Skip to main content

Emit and verify portable cryptographic evidence bundles, offline: Ed25519 + RFC 6962 Merkle + optional SD-JWT.

Project description

b7n0de, Verified AI Work

proofbundle

Turn an AI eval result into one portable, offline-verifiable receipt. It proves who signed these exact bytes and that nothing changed since — not that the number is true. Ed25519 + RFC 6962 Merkle, one file, no server, no network.

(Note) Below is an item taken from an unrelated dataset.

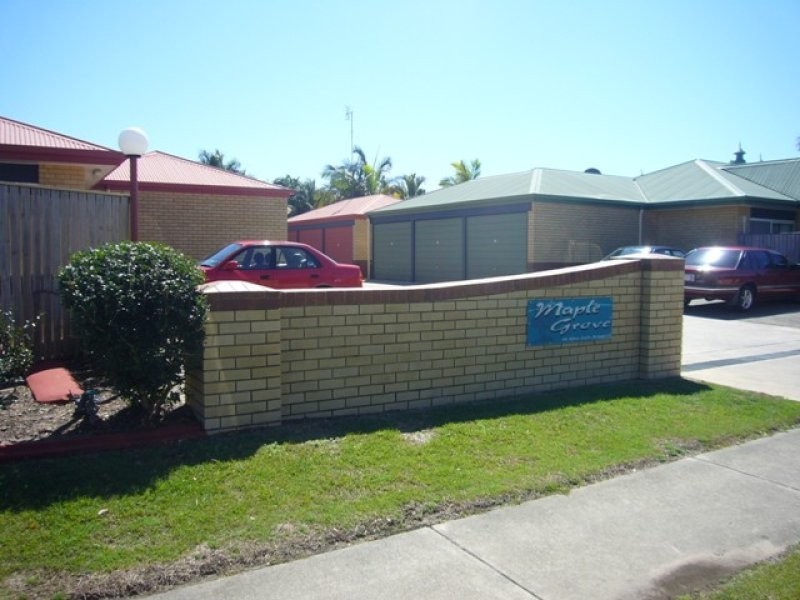 9/12-14 Glen Kyle Drive, Buderim QLD 4556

CI License: MIT Ruff Mutation tested

The problem

Every AI eval number you read — a safety benchmark, a capability score, a leaderboard entry — is an unverifiable claim. You trust the lab. There's no portable way to check, offline, that a result was signed by a stated party, hasn't been altered, and covers the samples it claims.

proofbundle is that check. It's a small MIT-licensed Python tool (a compact, auditable trusted core, depends only on cryptography) that turns a result into a signed receipt anyone can verify from a single file — and it's honest about the line it does not cross.

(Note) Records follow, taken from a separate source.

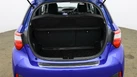 2020-toyota-yaris-15-vvt-i-y20-98bhp-hybrid-1497cc-e-cvt-small-16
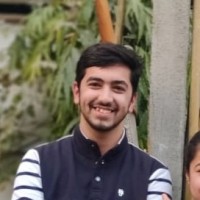 Mehul Chugh
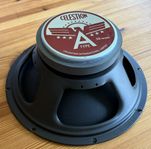 Celestion 12” A type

60-second try (offline, no setup)

pip install "proofbundle[eval]"
proofbundle demo

You'll see an honest receipt verify => OK, then six independent tampers each verify FAILED, then a swapped sample get caught — all in memory. The command exits non-zero if any tamper slips through, so it's also a self-test. Full walkthrough: docs/DEMO.md.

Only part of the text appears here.